In this guide, we’ll provide an outline of Phase 1 of the probate process: filing probate petitions and appointing an executor. Our goal is to provide you with the information you need to move forward with clarity and confidence.


Did the Decedent Have a Will?

  • Probate is the legal process by which the court, known as the Surrogate’s Court in New York, ensures that the Decedent’s Will is authentic, is properly signed and is witnessed in accordance with New York Law, and that their assets are distributed according to their wishes.

  • Administration applies when a decedent did not leave a Will. The court appoints a next of kin as the Administrator to distribute assets according to New York’s Intestate Laws.

This guide focuses on probate, the process of settling an estate when a Will is present.


Preparing for Probate

Once you’ve had time to grieve and gather essential documents, we recommend setting up a meeting with us to start the process. We will ask that you provide us with initial documentation including, but not limited to:

  • The original Will

  • A certified copy of the death certificate

  • Recent financial statements (dated close to the time of death)

Before we file a petition with the court, we need to get a general idea of the value of the estate. To do this, we will determine probate assets vs. non-probate assets. Non-probate assets are any accounts or assets owned jointly or with designated beneficiaries. Probate assets are any assets owned solely by the Decedent. Only the probate assets will be included in the estate's valuation.


As your attorney, we help initiate the probate process by filing the necessary petitions with the court and helping you obtain the authority to act as the estate’s Executor.

STEP 1: Filing the Petition
The individual named Executor in the Will acts as the Petitioner and files the Will and supporting petition with the court. If the Executor cannot serve, the successor Executor steps in. If the primary Executor declines, they must sign a form renouncing their position.

To get started, the court requires the following:

    • Petition for Probate:

      The Petition details who is petitioning the Court for Letters Testamentary (the piece of paper that says “you are in charge of the estate” essentially), the decedent’s information,  the value of the estate and who is entitled to assets under the Will. The petitioner will sign this in front of a notary.
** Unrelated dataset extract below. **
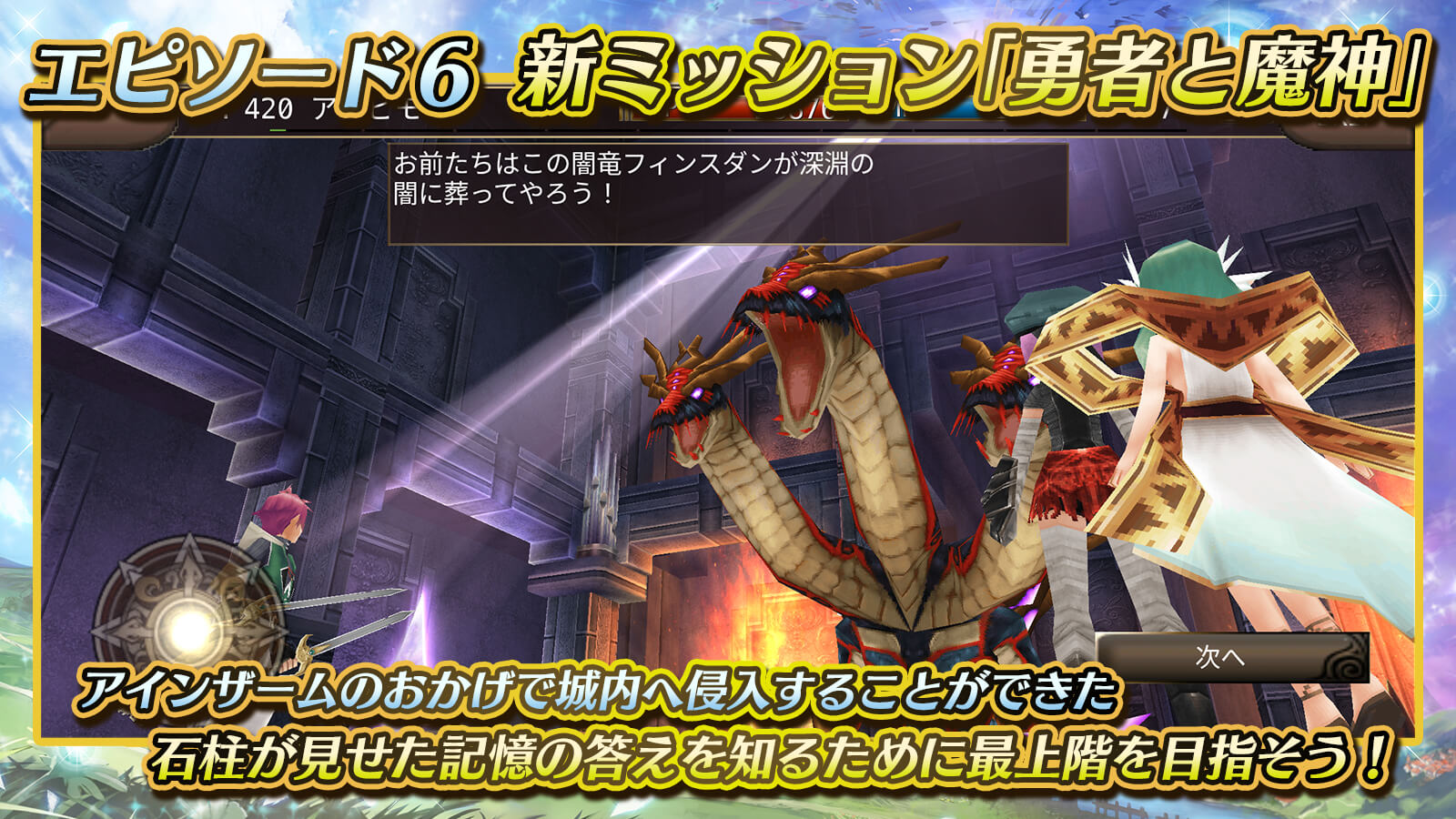アップデート情報(7.7.9) 新ミッション「勇者と魔神」追加！他 掲載日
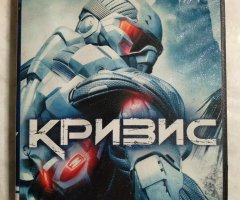 Игровой диск Кризис. Битва за землю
    • Waiver and Consent to Probate:

      We send the waiver and consent to Probate to the distributees. This form says that you, as the distributee, are aware that the Petitioner is filing the petition, you are waiving your right to receive service of process and consenting to the Will being admitted to probate (essentially signifying that you consent to the court proceedings without needing formal notification, saving time and costs for the estate.) This should be signed in front of a notary.

      If a distributee was unwilling to sign this form, we would send a citation to the court. The Court would then set a hearing (known as a “return date”) and we would serve the citation on the parties who did not sign the Waiver. If the nonconsenting party does not show up to the hearing, it is assumed that they consent. If they do show up, and still do not consent, the matter may become litigious, and we would refer you to litigation counsel.

    • Notice of Probate:

      This is sent to all beneficiaries named in the Will, providing a copy of the Will or pertinent sections. This is what is done in lieu of a “will reading,” as seen in movies and television.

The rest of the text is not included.